Short web captions
____________
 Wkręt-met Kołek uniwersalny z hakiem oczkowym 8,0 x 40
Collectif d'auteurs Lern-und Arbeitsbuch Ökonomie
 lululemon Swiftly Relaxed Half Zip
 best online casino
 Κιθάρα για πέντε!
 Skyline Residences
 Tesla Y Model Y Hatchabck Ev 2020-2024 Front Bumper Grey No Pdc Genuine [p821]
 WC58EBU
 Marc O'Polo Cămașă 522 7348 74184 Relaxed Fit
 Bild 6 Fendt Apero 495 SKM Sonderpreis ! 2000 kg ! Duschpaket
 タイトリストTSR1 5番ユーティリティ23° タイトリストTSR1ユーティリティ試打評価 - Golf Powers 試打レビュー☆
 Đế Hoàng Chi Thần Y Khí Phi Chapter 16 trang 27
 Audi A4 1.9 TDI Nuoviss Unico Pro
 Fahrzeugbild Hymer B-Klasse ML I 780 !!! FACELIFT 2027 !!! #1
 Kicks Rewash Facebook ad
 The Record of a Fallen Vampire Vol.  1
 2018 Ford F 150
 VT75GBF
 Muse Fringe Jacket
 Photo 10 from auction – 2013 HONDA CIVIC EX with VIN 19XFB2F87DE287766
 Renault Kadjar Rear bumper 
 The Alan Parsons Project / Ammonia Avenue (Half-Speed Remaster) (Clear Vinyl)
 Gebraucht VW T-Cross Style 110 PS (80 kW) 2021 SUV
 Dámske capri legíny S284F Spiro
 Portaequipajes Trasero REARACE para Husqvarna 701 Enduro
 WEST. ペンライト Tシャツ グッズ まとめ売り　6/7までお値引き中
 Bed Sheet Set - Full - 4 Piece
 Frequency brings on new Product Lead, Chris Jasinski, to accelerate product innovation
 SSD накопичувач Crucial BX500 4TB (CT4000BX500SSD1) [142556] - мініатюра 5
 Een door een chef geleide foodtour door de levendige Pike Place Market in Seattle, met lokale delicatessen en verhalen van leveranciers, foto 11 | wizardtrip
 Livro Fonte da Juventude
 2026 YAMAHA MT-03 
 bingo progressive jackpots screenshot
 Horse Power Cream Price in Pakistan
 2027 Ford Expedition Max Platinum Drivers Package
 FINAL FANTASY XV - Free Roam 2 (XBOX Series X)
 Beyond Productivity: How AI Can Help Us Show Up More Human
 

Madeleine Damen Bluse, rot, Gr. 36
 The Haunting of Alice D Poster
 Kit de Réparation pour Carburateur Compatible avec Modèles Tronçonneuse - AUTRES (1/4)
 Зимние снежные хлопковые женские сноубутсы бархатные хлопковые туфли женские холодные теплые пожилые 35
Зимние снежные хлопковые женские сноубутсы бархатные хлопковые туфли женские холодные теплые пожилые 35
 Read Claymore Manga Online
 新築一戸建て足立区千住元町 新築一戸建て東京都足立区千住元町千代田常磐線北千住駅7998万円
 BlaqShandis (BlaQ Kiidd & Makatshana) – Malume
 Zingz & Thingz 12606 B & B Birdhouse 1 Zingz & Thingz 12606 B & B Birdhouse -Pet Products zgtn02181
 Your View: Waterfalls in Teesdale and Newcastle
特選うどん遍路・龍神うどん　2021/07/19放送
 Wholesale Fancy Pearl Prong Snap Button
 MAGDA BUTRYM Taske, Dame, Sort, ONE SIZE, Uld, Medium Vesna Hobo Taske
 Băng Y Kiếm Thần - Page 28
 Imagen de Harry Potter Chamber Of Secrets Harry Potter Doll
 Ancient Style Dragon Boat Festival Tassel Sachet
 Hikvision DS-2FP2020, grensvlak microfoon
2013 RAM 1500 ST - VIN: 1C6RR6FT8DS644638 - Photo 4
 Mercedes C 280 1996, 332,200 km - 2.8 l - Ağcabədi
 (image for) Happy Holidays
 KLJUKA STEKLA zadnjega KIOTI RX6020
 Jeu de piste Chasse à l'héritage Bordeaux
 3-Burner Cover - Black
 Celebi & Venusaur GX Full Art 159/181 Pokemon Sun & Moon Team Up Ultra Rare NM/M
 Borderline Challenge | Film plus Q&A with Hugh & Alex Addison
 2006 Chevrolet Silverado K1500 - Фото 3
____________
> [WHAT IS EXPECTED] Reproduce only the lines above, starting at the line with "Frequency brings on" and ending at the line with "特選うどん遍路・龍神うどん　2021/07/19放送", exactly as written.

> [RESPONSE BOX]
 Frequency brings on new Product Lead, Chris Jasinski, to accelerate product innovation
 SSD накопичувач Crucial BX500 4TB (CT4000BX500SSD1) [142556] - мініатюра 5
 Een door een chef geleide foodtour door de levendige Pike Place Market in Seattle, met lokale delicatessen en verhalen van leveranciers, foto 11 | wizardtrip
 Livro Fonte da Juventude
 2026 YAMAHA MT-03 
 bingo progressive jackpots screenshot
 Horse Power Cream Price in Pakistan
 2027 Ford Expedition Max Platinum Drivers Package
 FINAL FANTASY XV - Free Roam 2 (XBOX Series X)
 Beyond Productivity: How AI Can Help Us Show Up More Human
 

Madeleine Damen Bluse, rot, Gr. 36
 The Haunting of Alice D Poster
 Kit de Réparation pour Carburateur Compatible avec Modèles Tronçonneuse - AUTRES (1/4)
 Зимние снежные хлопковые женские сноубутсы бархатные хлопковые туфли женские холодные теплые пожилые 35
Зимние снежные хлопковые женские сноубутсы бархатные хлопковые туфли женские холодные теплые пожилые 35
 Read Claymore Manga Online
 新築一戸建て足立区千住元町 新築一戸建て東京都足立区千住元町千代田常磐線北千住駅7998万円
 BlaqShandis (BlaQ Kiidd & Makatshana) – Malume
 Zingz & Thingz 12606 B & B Birdhouse 1 Zingz & Thingz 12606 B & B Birdhouse -Pet Products zgtn02181
 Your View: Waterfalls in Teesdale and Newcastle
特選うどん遍路・龍神うどん　2021/07/19放送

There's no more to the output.